Here is the list of the top Isolated Slugging teams of all time.  This year’s Braves currently are 26th on this list, just a smidgin behind the 2019 edition.  There are a few interesting thing about the teams in the top 25.  First, other than the 1926 and 1928 St. Louis Stars of the Negro Leagues (boy… Mule Suttles could mash the ball), every one of these slugging teams is from 1996 or later. 

Second, without even talking about the pitching of any of these teams, all but three finished over 0.500 and all but a handful made the playoffs.  

The top home run hitting teams are of course largely the same teams, but now the top 25 contain twice as many sub-.500 teams and even more teams that fell short of a postseason berth.  My takeaway is not that you have to hit homers, necessarily, but you have to hit the ball hard.  A lot of those hard hits will leave the yard, of course, but peppering the wall is a pretty good substitute.

(Minor statistical note: there are a number of 2020 teams on the ISO list, but obviously none on the homer list.  It probably would have been fairer to do home run percentage, not homers, but Stathead provides no easy way to do so and I was too lazy to program it up today myself.)

Pennant Race Baseball

Twelve days ago I was at Citi Field when the Battle of the Maxes saw Scherzer best Fried, the latter pitching an inning with a concussion.  He came back for an even tougher assignment: a matchup with deGrom.  Neither disappointed.  Neither walked a man. Between them, they pitched 13 2/3 innings with 15 strikeouts and no walks. The Braves took a two-run lead on a single-double-single from the law firm of Grossman, Swanson and Reilly.  A poorly placed fastball a couple of innings later tied the game at 2.

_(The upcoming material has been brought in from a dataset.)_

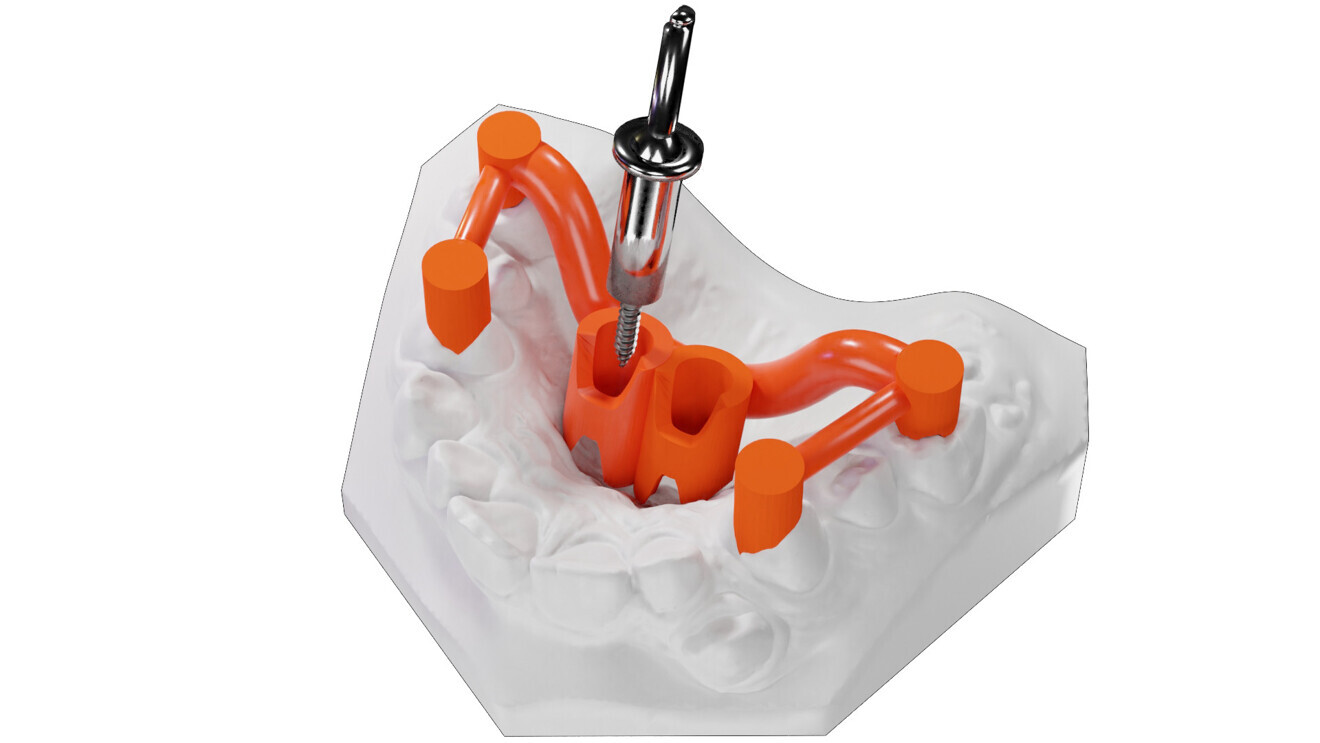 Fig. 2: CAD/CAM insertion guide.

And so it stayed until the bottom of the seventh.  A two out Grissom single chased deGrom and a seeing eye 3-2 four-hop single from Harris plated Grissom all the way from first.  It was a thrilling play, with Grissom leveraging his speed and Nimmo’s less-than-stellar center field arm.  It reminded me of Albies and Acuña making similar plays a couple of years ago.  We are blessed.

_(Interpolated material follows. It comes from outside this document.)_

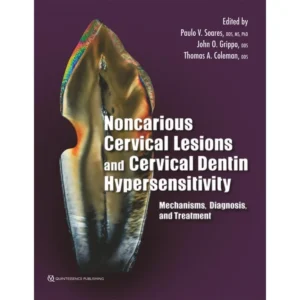 Noncarious Cervical Lesions And Cervical Dentin Hypersensitivity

Snit was criticized last night for not going to his best bullpen arms while down one.  Well, he managed tonight from the other side: with a late one-run lead, he has no problem bringing in a fresh Iglesias for one batter.  Successfully. 

But then Jansen has the ninth.  Lindor led with a single. Then came the sort of play that you need to get every once in a while: Lindor had 2nd stolen on the first pitch, but had to retreat when Alonso popped the ball into short right.  When the ball fell between Grissom, Harris and Acuña, Lindor was out at second on a force play.  A strikeout of Vogelbach and a tapper back to the mound by McNeil and the game was over.

Was deGrom pulled one batter too soon? The Mets are understandably being very conservative with deGrom, so it’s hard to second-guess. But unless he’s Gryboed (I promised I wouldn’t use that term any more, but the alliteration with deGrom makes it impossible to resist) I’m not sure how he ever loses a game.

Three out of four is not nearly as good as four out of five, but it was the minimum required to serve notice that the Braves aren’t throwing in any towels yet.  I’m going to double down on what I said after last week: the Mets have better starting pitching and the Braves have a better batting lineup. A few breaks here and there will determine what happens from here on out. Game on.

Chipwatch

I watched the Mets announcers again, so my text today comes from Chip last night: “You hear people talk about so-called high leverage situations.  I don’t like that term because these innings are important to the guys involved.”  Sure, Chip, sure.  But no.  You cannot maintain that some innings and some situations aren’t more important than others; you just can’t.  And of course Chip can’t, with his “Right guys at the right time” and “Tension grows with every pitch” and every other idiotic thing he does during a game to try and raise the stakes.  Try to deny the existence of high leverage situations, Chip, but then make sure in your announcing you treat the eighth inning of a 10-2 game exactly the same way you treat the bottom of the seventh of a tied game.  But of course I know Chip doesn’t believe there’s no such thing as high leverage – he just has to find something to talk about in relatively low leverage situations.  But be honest about it.